The trigger of the incident was a bulk update of group memberships that expanded to an unexpectedly high number of modified permissions

Comments

In the late afternoon on 26 March (US Pacific time), Google warned users that several of its cloud services were experiencing disruptions due to issues with Google Cloud infrastructure components, while its Cloud Composer environment creations had been failing globally.

At its peak, Google Cloud said the issues had impacted no fewer than 20 of its cloud services in multiple regions, including Dataflow, BigQuery, DialogFlow, Kubernetes Engine, Cloud Firestore, App Engine, Cloud Functions, Cloud Monitoring, Cloud Console and more.

It wasn’t until the following day that Google Cloud said it had resolved the issue with “Google Cloud infrastructure components” underpinning the disruptions, which would have impacted users across the globe for several hours.

Now, after conducting an internal investigation and taking steps to improve the resiliency of our service, the cloud vendor has revealed the core issue that caused the global disruptions.

“Many cloud services depend on a distributed Access Control List (ACL) in Identity and Access Management (IAM) for validating permissions, activating new APIs [application programming interfaces], or creating new cloud resources,” Google Cloud said in a post dated 1 April. “These permissions are stored in a distributed database and are heavily cached.

“Two processes keep the database up-to-date; one real-time, and one batch. However, if the real-time pipeline falls too far behind, stale data is served which may cause impact operations in downstream services.

“The trigger of the incident was a bulk update of group memberships that expanded to an unexpectedly high number of modified permissions, which generated a large backlog of queued mutations to be applied in real-time.

“The processing of the backlog was degraded by a latent issue with the cache servers, which led to them running out of memory; this in turn resulted in requests to IAM timing out. The problem was temporarily exacerbated in various regions by emergency rollouts performed to mitigate the high memory usage,” it said.

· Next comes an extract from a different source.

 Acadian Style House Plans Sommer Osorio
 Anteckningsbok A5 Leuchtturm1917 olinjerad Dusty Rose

According to Google Cloud, on Thursday 26 March at 4:14PM (US Pacific time), cloud IAM experienced elevated error rates which caused stale data and disruption across many services for a duration of three-and-a-half hours, resulting in continued disruption in administrative operations for a subset of services for 14 hours.

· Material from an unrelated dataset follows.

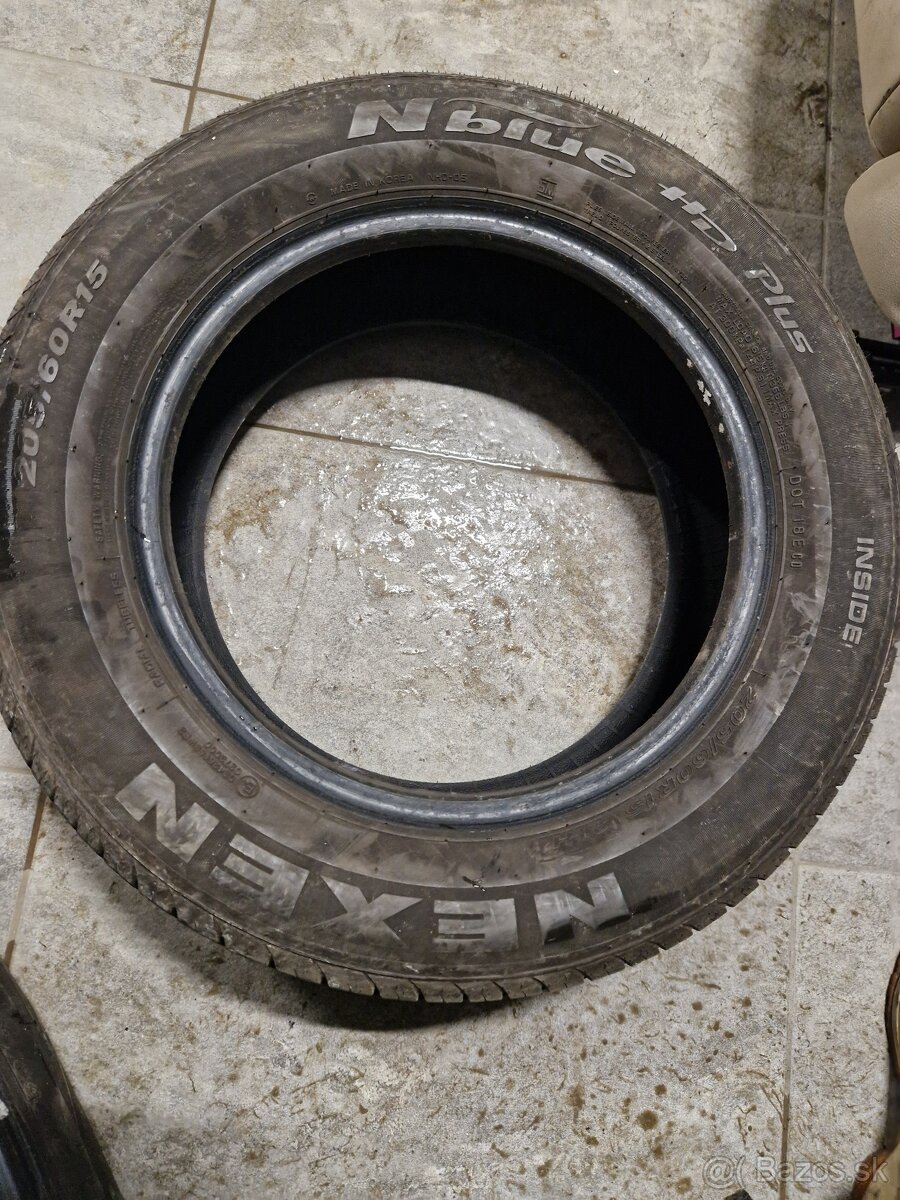 205/60 r16, 2ks, letné - 4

Additionally, multiple services experienced bursts of cloud IAM errors, Google Cloud said, adding that the spikes were largely clustered around a handful of specific times between 4:35PM and 7:40PM on 26 March.

“Error rates reached up to 100 per cent in the later two periods as mitigations propagated globally,” Google Cloud said. “As a result, many cloud services experienced concurrent outages in multiple regions, and most regions experienced some impact.”